* [TASK ITEM]
Before you return the lines below, strip out any images and keep every word as written.

* [DATA PROVIDED]
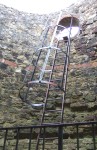 from which this strange contraption of a ladder rises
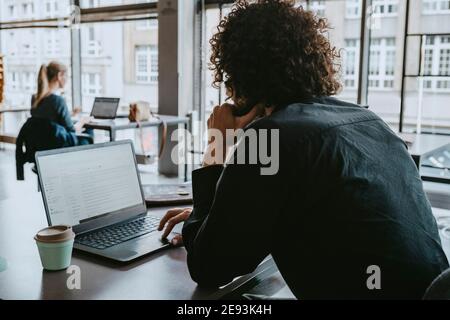 Businessman using laptop while sitting in coworking space Stock Photo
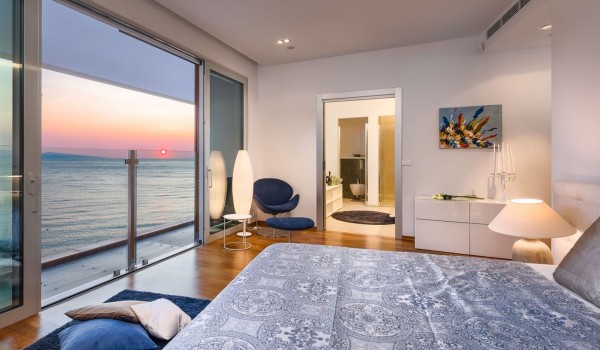 Comfortable king-size bed in a spacious air-conditioned bedroom with en suite bathroom of a luxurious private villa for rent and vacation with family and friends by the sea in Brela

* [YOUR SOLUTION]
 from which this strange contraption of a ladder rises
 Businessman using laptop while sitting in coworking space Stock Photo
 Comfortable king-size bed in a spacious air-conditioned bedroom with en suite bathroom of a luxurious private villa for rent and vacation with family and friends by the sea in Brela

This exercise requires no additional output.